The rail network wants to pilot a ticketing system that scans people’s phones to detect when they get on and off a train.
Each journey’s fare is calculated and deducted from the user’s bank account.
The tests are scheduled for 2017 and the technology could be available nationwide by 2018.
But one analyst claims the tech would result in only a modest improvement in convenience for passengers.
Using a smartphone’s Bluetooth signal, the app allows passengers to open ticket barriers automatically, as well as get on and off trains, all without needing to hold a ticket.
Bluetooth sensors at the gates will detect when passengers enter and leave stations, and from this, calculate the journey each passenger has taken. The app will be connected to each user’s bank account and charge for train fares in a manner similar to Uber does with taxis.
A design brief, written by the Rail Safety and Standards Board (RSSB) and seen by the BBC, suggests that the tech could eliminate consumers’ problems in choosing the most affordable ticket.
It could also eliminate long queues at ticket machines, as well as provide a “seamless customer journey”, the RSSB said.
A further benefit of the tech would be to track each train’s performance, potentially leading to real-time journey and delay info, as well as simplifying the compensation process for delays.

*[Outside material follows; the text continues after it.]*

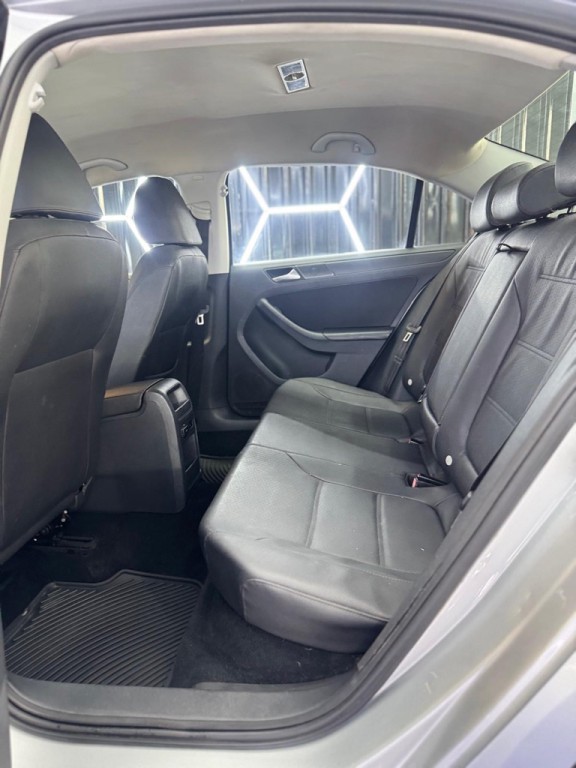 2012 Volkswagen Jetta Image 44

For rail firms, each customer’s smartphone could provide rich data on which journeys are most popular, potentially allowing them to reallocate trains to suit demand.

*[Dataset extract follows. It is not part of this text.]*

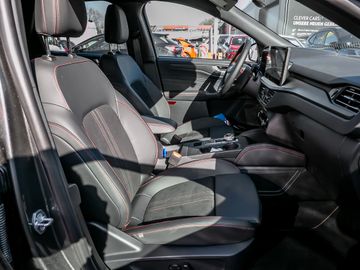 Ford Kuga 2.5 Plug-In Hybrid ST-Line X Fahrerassi.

However, one analyst is not convinced that the tech is much of a breakthrough in terms of convenience.
“It’s not too different from tapping an Oyster card on a ticket gate and tapping out the other end,” said Ian Fogg, principal analyst at IHS Screen Digest.
“All this is really saving is the trouble of taking a smartcard out and tapping it at the gate. That’s a fairly small improvement.”

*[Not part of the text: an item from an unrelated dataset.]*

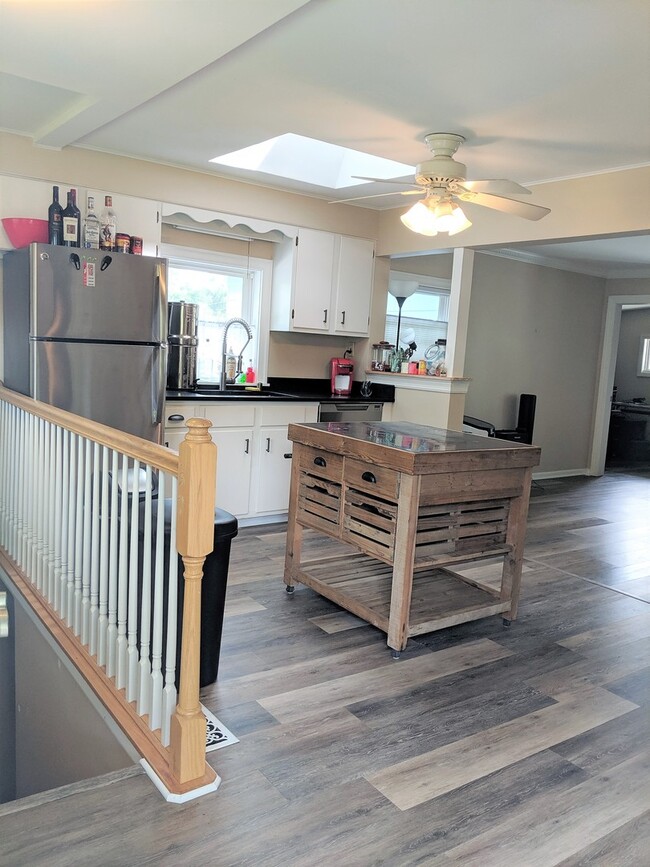 Foto del edificio - 2 Bedroom Remodeled Home with Lake Access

But he said that simpler ways of proving a train has been delayed, as well as congestion tracking, would be a distinct advantage.
If Chiltern Railways doesn’t provide phone charging services on the trains that will pilot the scheme, then it is overlooking a key drawback, Mr Fogg added.
Potential to revolutionise
This technology “has the potential to revolutionise ticketing on the railway in Britain through the use of an app”, the RSSB said.
Chiltern said it would test the technology next year on journeys between five stations – Oxford Parkway, Islip, Bicester Village, Bicester North, and London Marylebone.
The two primary goals of the pilot are to see whether the technology works on a practical level, and if it is adopted by the public.
Dave Penney, managing director at Chiltern Railways, said the tech “could be the next evolution of rail ticketing”.
He said: “We know passengers want to purchase tickets easily and travel for the best price; this app-based concept eliminates the need to pre-purchase a ticket. Bluetooth sensors and geolocation tracking are used to open ticket gates and determine journeys taken, then the customer is billed at the end of the day with a best value guarantee ensuring they are charged the appropriate fare for their journeys.”
It remains to be seen whether the UK’s other 27 train operators adopt the technology.
In a statement sent to the BBC, Virgin Trains said: “We always want to be on the side of passengers and make their experience with us the best it can be.” It didn’t specify whether it would adopt the RSSB’s Bluetooth tech.